Iron ore miner Vale (NYSE:VALE) is finding it difficult to execute a comeback. The stock has declined 8% in 2014, primarily because of weak results that it reported last time. In fact, Vale suffered a decline in both revenue as well as earnings.
Its revenue of $9.5 billion was way less than the consensus estimate of $11.4 billion. This led to a consequential fall in earnings as well. Earnings lagged analysts' estimate of $0.52 by $0.12. This translated into a 33.9% drop in earnings year over year.

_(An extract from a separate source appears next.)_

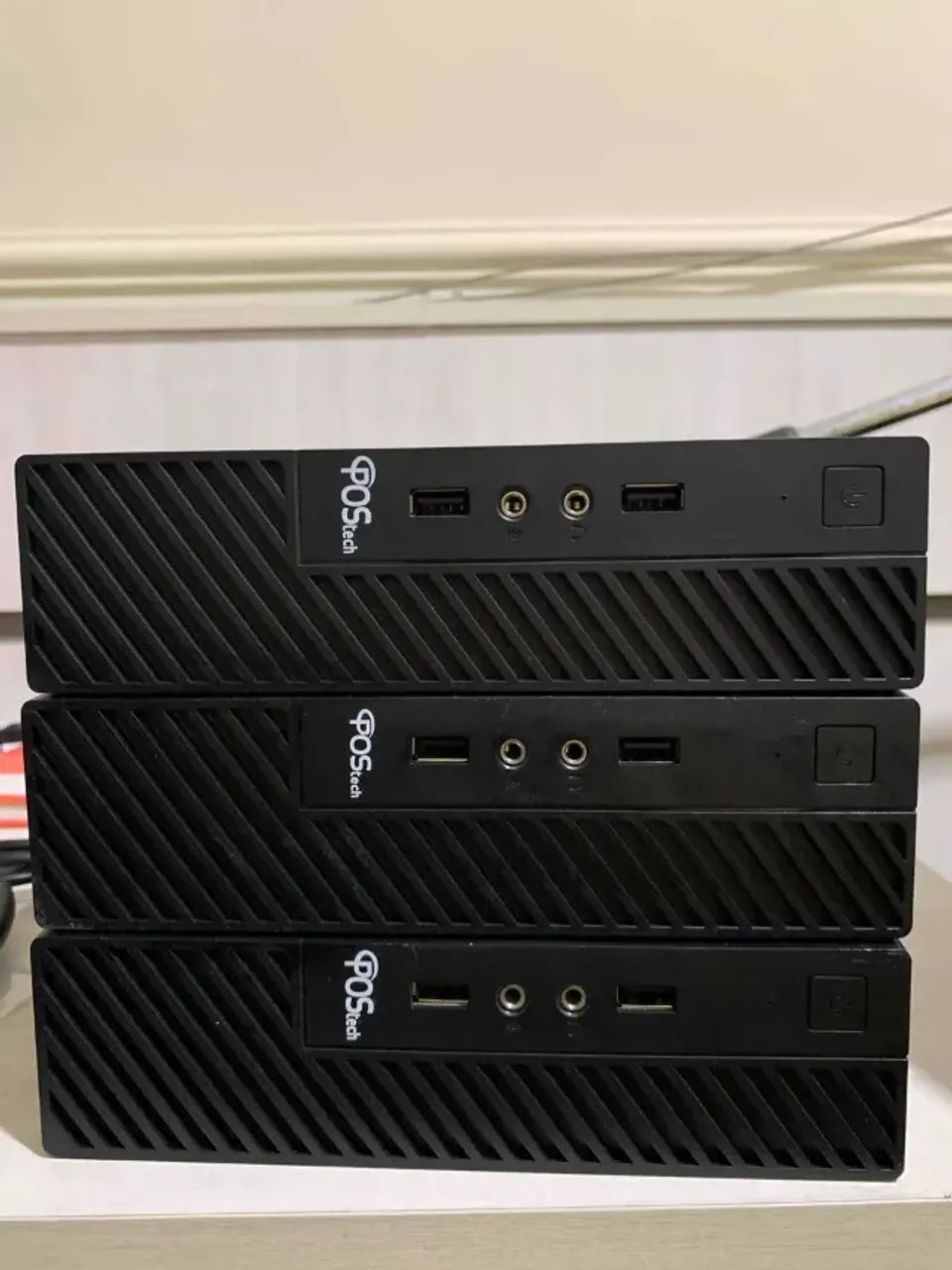 3 Mini PC Intel Celeron J1800 - 2.41GHz - RAM 4GB - SEM HD/SSD - PosTech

This weak outcome is chiefly due to a steep fall in the selling price of ores that can be attributed to several reasons. On the bright side, Vale is delivering solid production figures. The company attained its highest production of iron ore in the quarter since 2008. However, it doesn't look like Vale's fortunes are going to change any time soon.
Difficult times ahead
Vale is not finding the going easy. This is a contrast with the previous year when the company was seeing strong demand for its ores. China, the biggest consumer of seaborne iron ore, is switching away from exports and is sticking with domestic consumption. China is focusing on sustainable economic practices, and is laying more emphasis on its own resources and enterprises.
China was a major customer of Vale, and as a result of this, the demand for iron ore is suddenly facing an abrupt decline. As a general rule of merchandise, prices are determined on the basis of demand and supply in the market. Consequently, this deceleration of demand will continue to hurt the prices. The combination of higher supplies and lower prices will lead to margin pressure.
Vale is not well-diversified, as it is highly dependent on iron ore. The surplus supply and easing demand from China may prove to be catastrophic for Vale.
It can get worse from here
Moreover, analysts expect iron ore prices to plunge further as miners continue to expand production, overlooking the weak demand. By 2015, analysts expect prices will fall down to $80 per ton. Moreover, Citigroup expects iron ore surplus to skyrocket to 67 million tons this year, as compared to 2 million tons in the previous year. The large supply growth will certainly hurt iron ore prices, which are already very low.
As per Barclays' statement, a slump of just 10% in prices will affect Vale's earnings by 32%. Analysts said that Vale ranks toward the bottom in its industry on all key metrics including production growth, FCF generation, earnings growth, gearing, ROE and ROIC.
Until now, iron ore prices have descended below $90 per ton, which accounts for a massive decline. The major hurdle before Vale is to balance between the excess supplies and the constantly depreciating prices, however it doesn't look likely. Morgan Stanley (NYSE:MS) recently downgraded Vale as the firm thinks Vale will struggle due to the excessive supplies. The analysts at the firm said:
"The global seaborne iron ore market has enjoyed an impressive period of tight or undersupplied market conditions since the China-driven commodity 'supercycle' began in 2005. China's crude steel consumption and production grew much faster than expected, and the global mining community was left unprepared. Iron ore is not a rare commodity, but it is a difficult one to mine, process, and transport at a reasonable cost. As the supply shortfall continued to increase and price increased, global miners (especially in Australia and Brazil) began to respond in full force. Today, we are seeing the manifestation of that response, and the global seaborne iron ore market is set to enter into a new period characterized by oversupply."
The analysts also added, "Cut 2014-17e EBITDA by 25-38%, or 30% below consensus, as lower iron ore prices more than offset an improving base metals business."
Vale is in trouble. The company is facing difficult dynamics in the end market. So, it is advisable to stay away from Vale as a turnaround looks unlikely.